On Fri, November 29, 2013 12:46 pm, Rene Struik wrote:
> Dear colleagues:
>
> Please find below my review of the Dragonfly protocol
> (draft-irtf-cfrg-dragonfly-02).
>
> This review was triggered by the IETF LC that was recently initiated in
> the TLS WG on the related draft draft-ietf-tls-pwd-01. However, review
> comments below *strictly* apply to the latest CFRG draft only; the
> related TLS draft will be dealt with separately. (Contrary to the
> suggestion in the IETF LC, the cryptographic constructs underlying the
> TLS draft and the CFRG draft cannot be mapped to each other.)
>
> Note: To my knowledge, current status CFRG draft is unknown. Last
> mailing list discussion of December 12, 2012 [3] primarily focused on
> potential side channel attacks on the password-to-base point mapping,
> which triggered some changes in the draft (draft reviewed below was
> posted Aug 27, 2013). To my knowledge, contrary to implicit message in
> TLS WG LC, no "blessing" by CFRG was received.

  The status of any draft can be determined from the tracker, specifically:

      https://datatracker.ietf.org/doc/draft-irtf-cfrg-dragonfly/

It has an IRTF state and an IESG state.

> One-line summary: While the proposed protocol could probably be made to
> work, it would require more work to get there, including removal of
> security weaknesses (see analysis below).
>
> Review notes:
>
> 1) Abstract.
> This draft proposes a password-based key agreement scheme (including key
> confirmation), based on knowledge by either party of a shared
> low-entropy password. The scheme resembles the ephemeral Diffie-Hellman
> key agreement scheme, where the generator of the DH group used is
> derived from the shared password.
>
> 2) General comments.
> a) Security evidence. The protocol would benefit from detailed
> cryptanalysis, which is currently lacking. While the document
> cross-references other standards that have implemented (a variant of)
> the protocol, this should not be seen as substitute for the need to
> provide technical evidence.
> b) Protocol rationale. It is unclear what makes this protocol special
> compared to other contenders: there are quite a few password-based
> protocols out there, of which one could focus on ones with similar or
> better performance and with detailed cryptanalysis.

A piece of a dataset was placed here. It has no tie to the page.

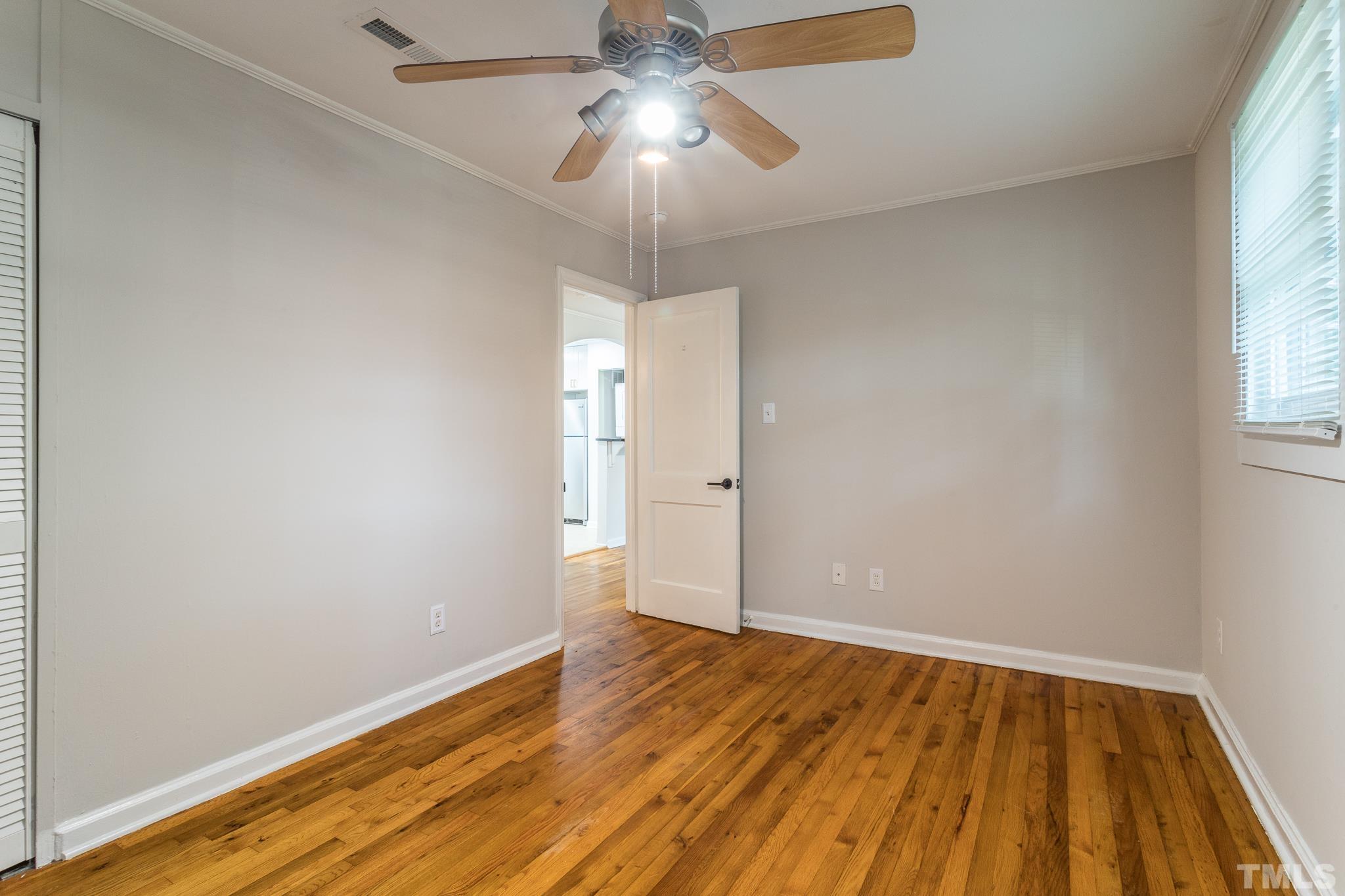 2620 McNeil Street, Unit 2620 Raleigh, NC 27608 - Photo 16 of 23 an empty room with wooden floor chandelier fan and windows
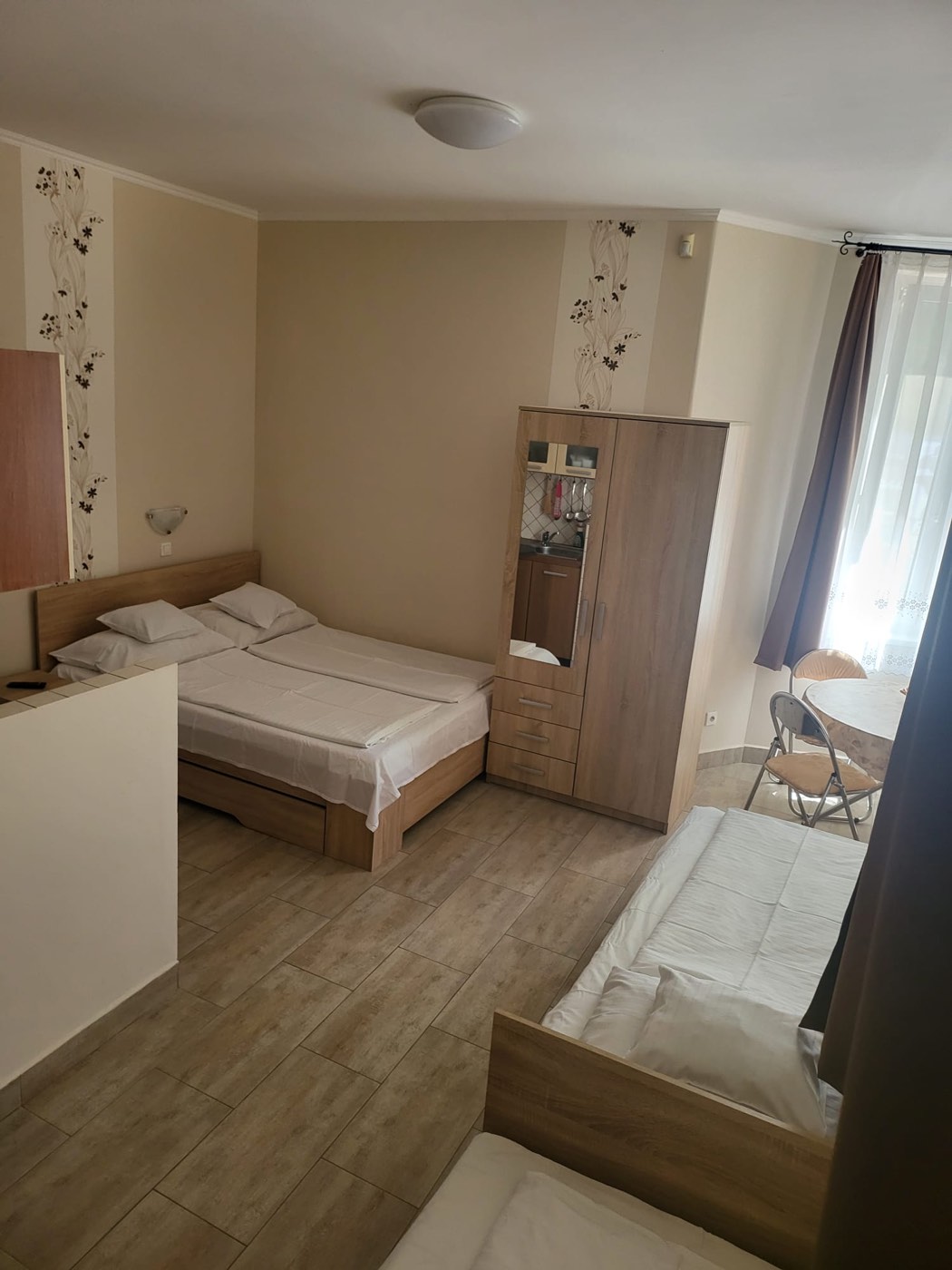 Négyfős apartman hálórésze franciaággyal és külön ágyakkal a Krisztina Villában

  There is no claim of "specialness" being made in the draft.

  And nothing is stopping you from doing work to focus on protocols that
pique your interest.

> 3) Security comments (require fixing).
> a) The protocol succumbs to a simple reflection attack, an elementary
> protocol attack (see [1, Section 12.9.1]), where the responding party
> simply bounces back messages sent by the initiator of the protocol. This
> follows immediately from the way the key confirmation exchange messages
> re structured (Section 3.4, p. 12). While it seems quite easy to fix the
> protocol thereby thwarting this attack, it is quite serious that this
> attack occurs in the first place (and has not been discovered yet). This
> re-emphasizes the need to have protocols accompanied by detailed
> technical rationale.

  Actually this was mentioned in other instantiations of dragonfly,
namely RFC 5931 and IEEE Std 802.11-2012. My bad for not mentioning
it here. Thanks for reminding me!

> b) The protocol is claimed to be secure against passive and active
> attackers (see the Abstract). While it is easy to show that the
> Diffie-Hellman key exchange is indeed secure against passive attacks
> (see, e.g., the  informal argument on Slide 11 of [2]), security in
> context of active adversaries is unknown, contrary to what is claimed.
> In fact, Slide 12 of [2] suggests that this will be hard to prove. While
> provability also has limitations, suffice it to say that unjustified
> claims should not be made.

  I'm sorry but I disagree with this being something that will "require
fixing".

> c) The hunting and pecking procedure (Section 3.2) has changed from one
> version of the draft to the next, primarily to thwart potential side
> channel attacks (see also discussion in [3]). Unfortunately, there are
> still many opportunities to derive password-dependent information if one
> is not *extremely careful* to implement steps correctly (in all these
> cases, this leads to a password space partitioning attack):
> {Discussion relative to Section 3.2.1}
> c-1) Implementation of quadratic residue test (computation of Legendre
> symbol);

  There is already a test that (x^3 + ax + b) is a quadratic residue. If
it's not then PE is not found and hunting-and-pecking continues.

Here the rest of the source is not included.